WASHINGTON - FBI agents have interviewed a Saudi citizen identified by congressional investigators as a likely intelligence operative for Saudi Arabia who befriended two of the 9/11 hijackers in California more than a year before the attacks, government officials said Monday.
The interview on Monday in Saudi Arabia was the first of two scheduled sessions between investigators and Omar al-Bayoumi, who was living as a student in San Diego in early 2000 when he met Khalid al-Mihdhar and Nawaf al-Hazmi, two of the 15 Saudis who came to the United States to train for the hijackings.
The officials said that in the interview, al-Bayoumi denied any advance knowledge of the attacks on Sept. 11, 2001, although officials cautioned that the questioning was incomplete and that a number of questions remained to be asked about his activities in the United States.
The interview with al-Bayoumi, whose presence in San Diego has long been known to American authorities, took place largely because he figured prominently in a congressional report on the hijackings released on July 24 by a joint committee of the House and Senate intelligence committees.
Al-Bayoumi's dealings with the two hijackers are detailed in the public parts of the report and in a 28-page classified chapter that has not been made public.
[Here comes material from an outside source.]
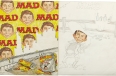 Alfred Cover Ideas (Wall Paint and Shooting Range)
Congressional investigators concluded that American authorities would have had their best chance of unraveling the plot if they had aggressively tracked al-Bayoumi, al-Mihdhar and al-Hazmi.
Saudi officials agreed to allow al-Bayoumi to be questioned by FBI agents after Condoleezza Rice, the national security advisor, asked the Saudi foreign minister, Prince Saud al-Faisal, for access to him during a White House meeting with President Bush on July 29. At the meeting, Saud asked Bush to release the classified portion of the congressional report so it could be rebutted. Bush refused.
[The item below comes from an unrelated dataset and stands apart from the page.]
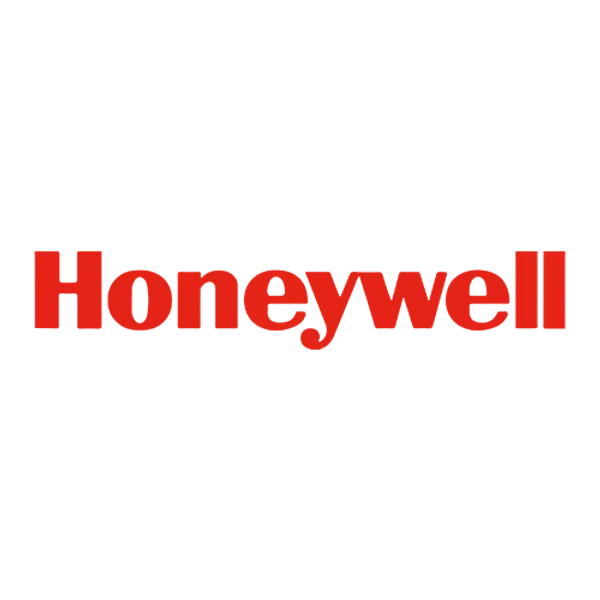 Honeywell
Saudi officials have repudiated the report as an ''outrage,'' because its classified parts are said by people who have read them to accuse senior Saudi officials of approving hundreds of millions of dollars for charities and other organizations that may have helped finance terrorism, including the 9/11 plot.
Although al-Bayoumi provided no financial support to the two hijackers, he had access to large amounts of money, ranging into the hundreds of thousands of dollars, from sources in Saudi Arabia. Moreover, he appeared to report to government departments in Riyadh, the Saudi capital, and to officials who increased the payments after he met the two hijackers.